Ok heres my attempt at making a scene of the movie Poltergeist in my front window, not exactly like the movie but I had to put that DAMN SCARY clown into the scene. 
​share.shutterfly.com/action/welcome?sid=8EbtWzlm0auKA


----------



## Ghostess (Aug 21, 2005)

ha! That brings back memories!


----------



## MistressOfMayhem (Aug 5, 2007)

lol, that totally rocks!


----------



## hidehoman (Sep 18, 2006)

That movie freaked me out when I was a kid.....That night my Dad put a skull and a radio in my closet and used one of those old fm radio singalong mics to start speeking to me. I lost it and ran screeming from the house. Now you know why I spend so much time trying to do the same to others......


----------



## Nancj (Sep 7, 2007)

hidehoman said:


> That movie freaked me out when I was a kid.....That night my Dad put a skull and a radio in my closet and used one of those old fm radio singalong mics to start speeking to me. I lost it and ran screeming from the house. Now you know why I spend so much time trying to do the same to others......


sounds like you had a great childhood, all my father ever did was sing us to bed at night, (now thats scary) LOL


----------



## meltdown211 (Aug 2, 2007)

*Oh yeaaa*

Love that!! Great Clown!


----------



## turtle2778 (Jul 9, 2006)

Thank god someone besides me knows that movie. I work with a man that reminds me of the scary dude in P2 and NO ONE knows who he is. Of course these are the same people who dont know what euchre is either so go figure. 

Great Job NancJ!!


----------



## octoberist (Apr 3, 2007)

*They're Baaaack...*

It's the 25th anniversary of "Poltergeist" and they are having one nite only screenings of the movie at theaters around the country on October 4th... I've got my ticket!

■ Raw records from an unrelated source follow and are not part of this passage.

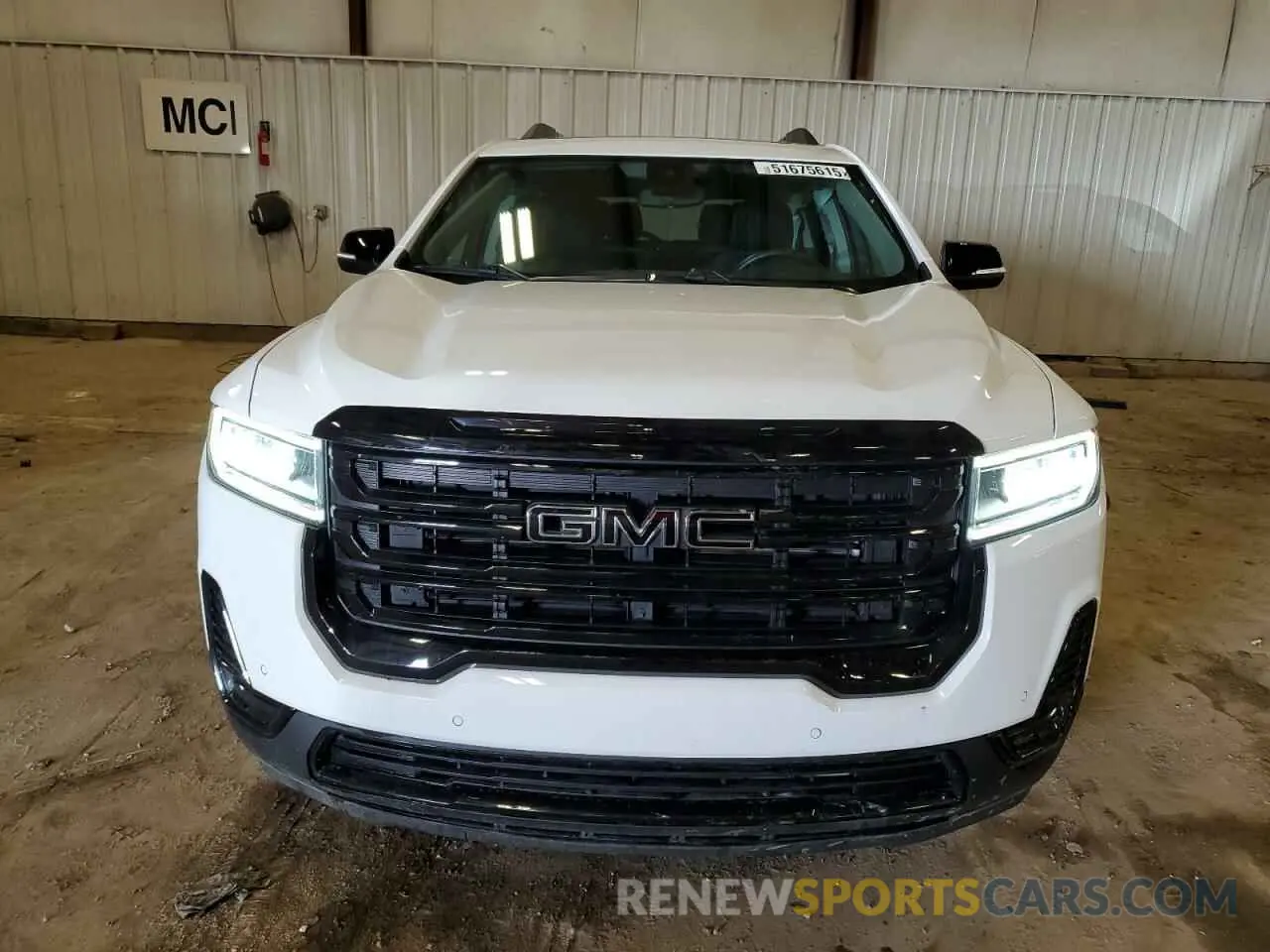 5 Photograph of a damaged car 1GKKNRL44NZ106908 GMC ACADIA 2022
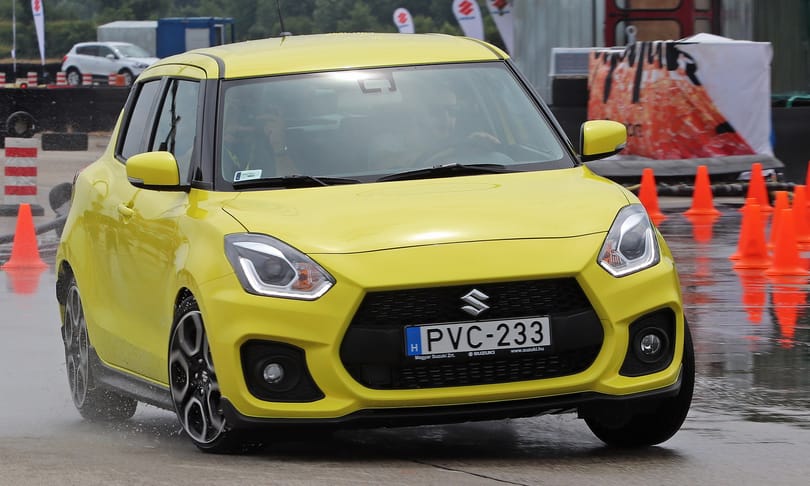 Gólhelyzet: zárt pályán nyúztuk az új Suzuki Swift Sportot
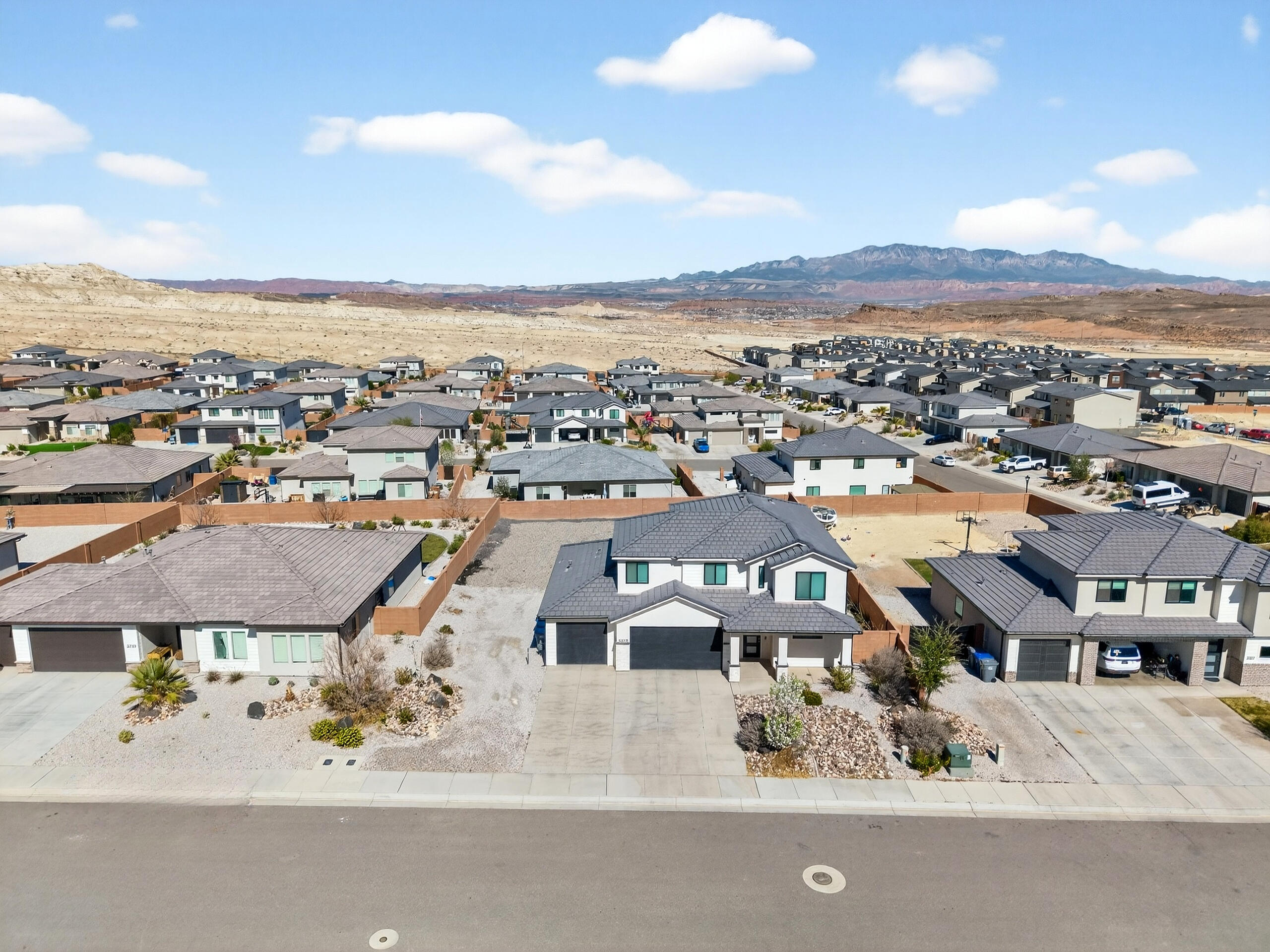 SAGE CANYON - Residential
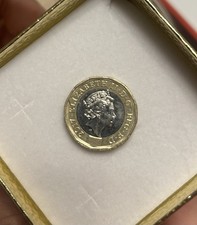 Moneta inglese - One pound 2017 Elizabeth II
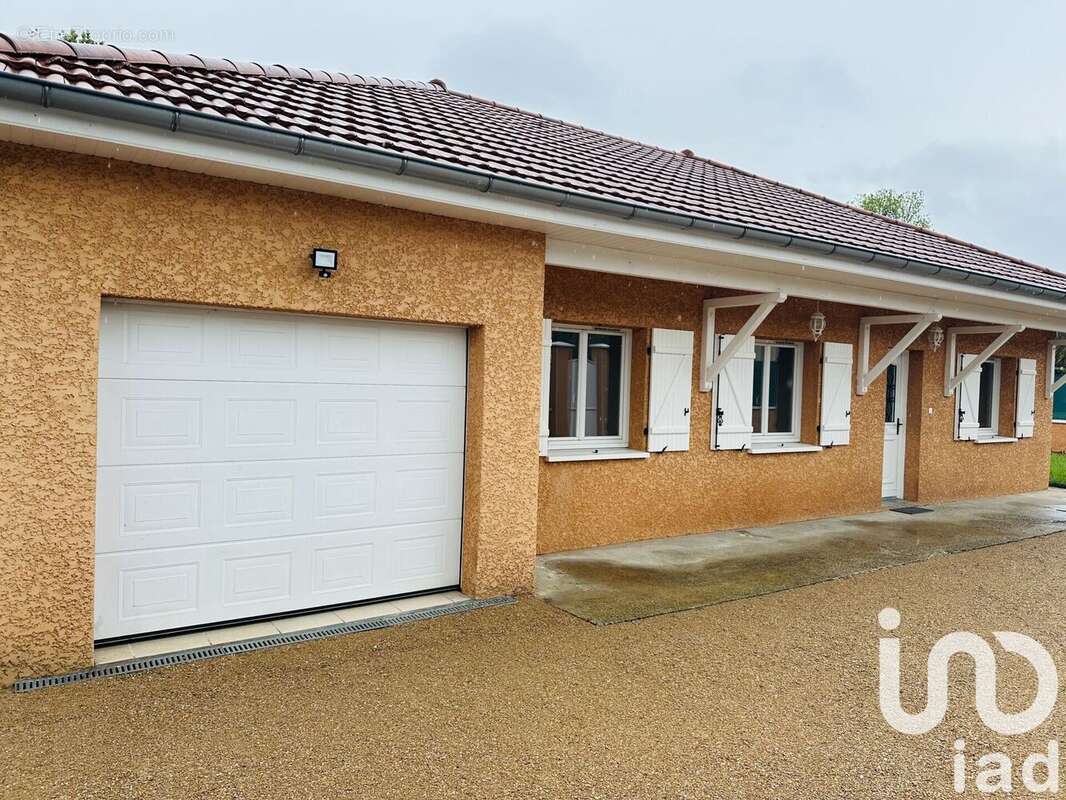 Photo 2 - Maison à MONTALIEU-VERCIEU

http://www.spielbergfilms.com/poltergeist/1525


----------



## Nancj (Sep 7, 2007)

octoberist said:


> It's the 25th anniversary of "Poltergeist" and they are having one nite only screenings of the movie at theaters around the country on October 4th... I've got my ticket!
> 
> http://www.spielbergfilms.com/poltergeist/1525


I will totally be there, and maybe I'll bring Carol Ann, I think she'll enjoy that!


----------